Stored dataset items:
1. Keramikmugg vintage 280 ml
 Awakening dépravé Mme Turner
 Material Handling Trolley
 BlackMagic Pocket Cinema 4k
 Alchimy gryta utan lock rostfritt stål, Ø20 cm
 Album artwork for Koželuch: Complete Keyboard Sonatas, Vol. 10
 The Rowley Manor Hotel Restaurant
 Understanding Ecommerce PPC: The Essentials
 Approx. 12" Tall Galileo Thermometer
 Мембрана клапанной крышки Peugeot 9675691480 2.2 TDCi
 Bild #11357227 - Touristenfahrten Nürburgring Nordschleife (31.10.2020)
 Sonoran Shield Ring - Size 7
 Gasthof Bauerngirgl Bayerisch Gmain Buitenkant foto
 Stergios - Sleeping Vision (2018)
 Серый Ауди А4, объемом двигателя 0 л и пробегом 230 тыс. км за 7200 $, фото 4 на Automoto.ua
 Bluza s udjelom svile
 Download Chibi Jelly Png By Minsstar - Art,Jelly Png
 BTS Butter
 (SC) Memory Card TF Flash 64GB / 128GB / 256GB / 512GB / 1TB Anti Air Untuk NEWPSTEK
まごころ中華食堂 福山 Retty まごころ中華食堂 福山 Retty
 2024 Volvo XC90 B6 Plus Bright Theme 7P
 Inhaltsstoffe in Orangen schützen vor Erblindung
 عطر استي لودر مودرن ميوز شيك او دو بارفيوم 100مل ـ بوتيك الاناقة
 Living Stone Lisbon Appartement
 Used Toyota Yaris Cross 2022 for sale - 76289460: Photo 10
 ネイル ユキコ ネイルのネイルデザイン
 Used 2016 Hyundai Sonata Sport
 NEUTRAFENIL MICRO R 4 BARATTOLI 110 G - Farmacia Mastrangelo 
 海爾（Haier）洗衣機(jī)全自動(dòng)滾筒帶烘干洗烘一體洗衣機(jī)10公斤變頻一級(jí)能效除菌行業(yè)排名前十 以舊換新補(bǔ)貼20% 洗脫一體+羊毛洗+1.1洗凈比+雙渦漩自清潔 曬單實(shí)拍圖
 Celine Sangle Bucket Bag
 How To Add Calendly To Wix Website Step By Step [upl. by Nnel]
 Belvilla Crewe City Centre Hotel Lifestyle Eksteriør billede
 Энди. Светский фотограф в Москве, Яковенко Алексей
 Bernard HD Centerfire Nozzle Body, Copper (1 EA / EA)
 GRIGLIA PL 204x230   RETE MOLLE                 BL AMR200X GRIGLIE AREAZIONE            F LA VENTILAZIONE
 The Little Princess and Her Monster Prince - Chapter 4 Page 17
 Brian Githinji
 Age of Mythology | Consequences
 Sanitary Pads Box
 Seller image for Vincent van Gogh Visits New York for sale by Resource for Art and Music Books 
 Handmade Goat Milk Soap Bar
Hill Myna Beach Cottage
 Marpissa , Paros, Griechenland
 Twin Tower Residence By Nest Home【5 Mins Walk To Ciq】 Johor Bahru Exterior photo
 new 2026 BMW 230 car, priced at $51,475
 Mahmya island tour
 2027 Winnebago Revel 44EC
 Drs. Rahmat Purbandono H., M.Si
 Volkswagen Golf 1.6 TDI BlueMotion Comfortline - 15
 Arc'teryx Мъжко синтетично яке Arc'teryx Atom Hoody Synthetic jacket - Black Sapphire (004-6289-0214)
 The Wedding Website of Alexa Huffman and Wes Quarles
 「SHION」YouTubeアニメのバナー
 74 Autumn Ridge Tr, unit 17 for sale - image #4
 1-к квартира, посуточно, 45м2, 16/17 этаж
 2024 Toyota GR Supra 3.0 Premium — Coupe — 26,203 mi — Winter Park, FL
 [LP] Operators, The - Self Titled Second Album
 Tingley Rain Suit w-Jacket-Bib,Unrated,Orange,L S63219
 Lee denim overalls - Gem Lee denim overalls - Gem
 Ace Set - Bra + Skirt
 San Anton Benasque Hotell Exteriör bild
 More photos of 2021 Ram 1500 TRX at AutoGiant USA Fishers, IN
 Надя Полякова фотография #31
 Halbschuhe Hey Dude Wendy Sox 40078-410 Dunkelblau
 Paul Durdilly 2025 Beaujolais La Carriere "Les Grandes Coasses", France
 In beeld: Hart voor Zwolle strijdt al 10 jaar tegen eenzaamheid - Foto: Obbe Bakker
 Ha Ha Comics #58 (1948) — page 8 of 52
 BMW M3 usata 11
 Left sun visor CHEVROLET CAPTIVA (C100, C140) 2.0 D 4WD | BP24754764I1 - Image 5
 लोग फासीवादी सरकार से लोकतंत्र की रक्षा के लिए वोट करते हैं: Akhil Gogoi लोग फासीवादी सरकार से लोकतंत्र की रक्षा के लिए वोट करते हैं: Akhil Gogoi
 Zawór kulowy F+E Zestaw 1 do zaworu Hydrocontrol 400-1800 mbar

ACTIVITY ->
All lines above that contain "sale" are required in the answer.

TASK ANSWER ->
 Used Toyota Yaris Cross 2022 for sale - 76289460: Photo 10
 Seller image for Vincent van Gogh Visits New York for sale by Resource for Art and Music Books 
 74 Autumn Ridge Tr, unit 17 for sale - image #4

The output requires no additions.